==== DATASET RECORDS ====
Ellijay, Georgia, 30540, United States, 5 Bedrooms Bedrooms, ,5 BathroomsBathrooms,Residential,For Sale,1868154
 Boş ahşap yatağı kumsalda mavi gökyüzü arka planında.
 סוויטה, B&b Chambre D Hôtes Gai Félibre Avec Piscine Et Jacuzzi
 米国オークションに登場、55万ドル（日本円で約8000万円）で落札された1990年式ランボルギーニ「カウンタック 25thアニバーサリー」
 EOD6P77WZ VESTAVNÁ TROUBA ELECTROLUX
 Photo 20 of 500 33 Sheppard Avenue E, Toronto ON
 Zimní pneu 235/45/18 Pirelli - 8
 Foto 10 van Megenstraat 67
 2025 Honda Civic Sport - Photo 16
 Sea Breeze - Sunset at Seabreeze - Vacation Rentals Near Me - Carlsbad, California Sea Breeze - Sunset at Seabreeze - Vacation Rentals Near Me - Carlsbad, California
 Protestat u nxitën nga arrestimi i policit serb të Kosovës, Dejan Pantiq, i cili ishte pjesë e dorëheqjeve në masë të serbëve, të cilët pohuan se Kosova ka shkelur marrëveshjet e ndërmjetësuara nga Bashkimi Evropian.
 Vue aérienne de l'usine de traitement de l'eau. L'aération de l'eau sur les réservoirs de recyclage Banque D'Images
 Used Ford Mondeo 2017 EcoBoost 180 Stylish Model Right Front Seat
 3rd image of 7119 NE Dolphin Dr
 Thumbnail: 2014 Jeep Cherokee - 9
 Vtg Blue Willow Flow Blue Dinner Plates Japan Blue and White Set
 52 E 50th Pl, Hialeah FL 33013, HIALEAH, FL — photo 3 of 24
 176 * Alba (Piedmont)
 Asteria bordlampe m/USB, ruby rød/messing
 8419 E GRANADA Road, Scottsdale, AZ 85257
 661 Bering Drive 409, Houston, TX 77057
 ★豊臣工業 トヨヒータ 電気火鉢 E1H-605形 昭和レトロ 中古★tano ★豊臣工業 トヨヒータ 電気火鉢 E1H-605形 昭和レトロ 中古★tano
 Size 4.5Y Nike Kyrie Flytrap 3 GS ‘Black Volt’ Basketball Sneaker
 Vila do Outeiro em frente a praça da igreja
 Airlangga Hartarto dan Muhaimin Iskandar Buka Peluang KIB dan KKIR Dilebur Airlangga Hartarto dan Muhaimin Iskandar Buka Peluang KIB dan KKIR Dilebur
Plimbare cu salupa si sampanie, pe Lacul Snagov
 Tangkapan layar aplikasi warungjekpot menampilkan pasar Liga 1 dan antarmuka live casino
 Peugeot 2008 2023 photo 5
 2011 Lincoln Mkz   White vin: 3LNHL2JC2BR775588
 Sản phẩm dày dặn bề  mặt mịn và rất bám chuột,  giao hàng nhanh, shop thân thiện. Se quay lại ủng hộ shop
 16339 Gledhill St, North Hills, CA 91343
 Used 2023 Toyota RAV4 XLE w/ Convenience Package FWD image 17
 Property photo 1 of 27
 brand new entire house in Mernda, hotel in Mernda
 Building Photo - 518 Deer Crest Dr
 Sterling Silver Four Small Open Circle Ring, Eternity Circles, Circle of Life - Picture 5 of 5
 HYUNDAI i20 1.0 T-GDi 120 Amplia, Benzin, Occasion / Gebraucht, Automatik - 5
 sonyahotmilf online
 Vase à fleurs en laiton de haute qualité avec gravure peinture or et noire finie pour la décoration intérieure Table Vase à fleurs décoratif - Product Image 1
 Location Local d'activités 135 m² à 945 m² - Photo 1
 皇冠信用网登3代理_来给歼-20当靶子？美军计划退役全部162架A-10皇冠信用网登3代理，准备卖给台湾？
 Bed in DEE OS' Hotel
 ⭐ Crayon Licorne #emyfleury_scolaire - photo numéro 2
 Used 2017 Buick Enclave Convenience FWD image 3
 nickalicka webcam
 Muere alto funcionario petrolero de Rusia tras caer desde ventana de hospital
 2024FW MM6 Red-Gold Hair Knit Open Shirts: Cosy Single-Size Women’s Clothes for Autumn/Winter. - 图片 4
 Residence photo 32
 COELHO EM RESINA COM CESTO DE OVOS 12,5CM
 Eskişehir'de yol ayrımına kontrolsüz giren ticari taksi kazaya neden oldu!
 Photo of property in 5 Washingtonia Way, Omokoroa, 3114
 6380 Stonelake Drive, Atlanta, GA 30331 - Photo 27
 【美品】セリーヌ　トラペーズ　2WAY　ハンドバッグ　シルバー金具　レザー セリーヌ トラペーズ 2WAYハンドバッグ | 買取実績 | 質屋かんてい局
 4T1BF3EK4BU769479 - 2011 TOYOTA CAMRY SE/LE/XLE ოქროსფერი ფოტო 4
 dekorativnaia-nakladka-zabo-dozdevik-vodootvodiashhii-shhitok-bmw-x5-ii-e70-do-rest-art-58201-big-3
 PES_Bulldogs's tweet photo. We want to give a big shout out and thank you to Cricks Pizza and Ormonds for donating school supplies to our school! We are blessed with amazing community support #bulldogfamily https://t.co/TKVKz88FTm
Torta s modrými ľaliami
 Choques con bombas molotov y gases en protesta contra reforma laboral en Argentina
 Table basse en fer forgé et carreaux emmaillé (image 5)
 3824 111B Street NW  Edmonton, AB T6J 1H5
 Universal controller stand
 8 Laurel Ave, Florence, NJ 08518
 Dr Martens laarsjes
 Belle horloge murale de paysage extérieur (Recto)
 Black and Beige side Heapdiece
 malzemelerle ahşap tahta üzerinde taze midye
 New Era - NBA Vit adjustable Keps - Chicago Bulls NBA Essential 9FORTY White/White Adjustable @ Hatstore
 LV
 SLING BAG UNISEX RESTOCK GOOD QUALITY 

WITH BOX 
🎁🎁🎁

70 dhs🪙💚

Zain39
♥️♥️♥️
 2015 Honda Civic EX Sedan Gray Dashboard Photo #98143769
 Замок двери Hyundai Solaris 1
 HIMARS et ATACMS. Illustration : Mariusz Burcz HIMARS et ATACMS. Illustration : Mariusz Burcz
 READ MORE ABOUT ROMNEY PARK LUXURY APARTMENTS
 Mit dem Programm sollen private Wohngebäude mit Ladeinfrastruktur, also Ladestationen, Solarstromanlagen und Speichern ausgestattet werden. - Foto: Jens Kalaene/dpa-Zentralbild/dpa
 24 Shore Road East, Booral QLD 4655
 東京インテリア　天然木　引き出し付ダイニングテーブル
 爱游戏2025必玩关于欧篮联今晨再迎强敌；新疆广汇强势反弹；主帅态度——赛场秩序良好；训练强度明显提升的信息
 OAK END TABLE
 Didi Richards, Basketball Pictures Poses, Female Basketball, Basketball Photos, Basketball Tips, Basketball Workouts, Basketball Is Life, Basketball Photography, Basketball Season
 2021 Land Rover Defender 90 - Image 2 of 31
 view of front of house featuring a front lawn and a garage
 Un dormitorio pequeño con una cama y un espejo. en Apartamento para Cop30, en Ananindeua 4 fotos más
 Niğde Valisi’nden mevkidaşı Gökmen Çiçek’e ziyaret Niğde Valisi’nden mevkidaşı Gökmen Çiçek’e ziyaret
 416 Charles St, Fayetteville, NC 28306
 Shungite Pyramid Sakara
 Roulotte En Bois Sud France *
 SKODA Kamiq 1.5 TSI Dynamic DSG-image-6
====
#### THE PROBLEM:
All lines from the opening of the material through the line that contains "Carlsbad, California Sea" are to be printed exactly, with no others.

#### SOLUTION:
Ellijay, Georgia, 30540, United States, 5 Bedrooms Bedrooms, ,5 BathroomsBathrooms,Residential,For Sale,1868154
 Boş ahşap yatağı kumsalda mavi gökyüzü arka planında.
 סוויטה, B&b Chambre D Hôtes Gai Félibre Avec Piscine Et Jacuzzi
 米国オークションに登場、55万ドル（日本円で約8000万円）で落札された1990年式ランボルギーニ「カウンタック 25thアニバーサリー」
 EOD6P77WZ VESTAVNÁ TROUBA ELECTROLUX
 Photo 20 of 500 33 Sheppard Avenue E, Toronto ON
 Zimní pneu 235/45/18 Pirelli - 8
 Foto 10 van Megenstraat 67
 2025 Honda Civic Sport - Photo 16
 Sea Breeze - Sunset at Seabreeze - Vacation Rentals Near Me - Carlsbad, California Sea Breeze - Sunset at Seabreeze - Vacation Rentals Near Me - Carlsbad, California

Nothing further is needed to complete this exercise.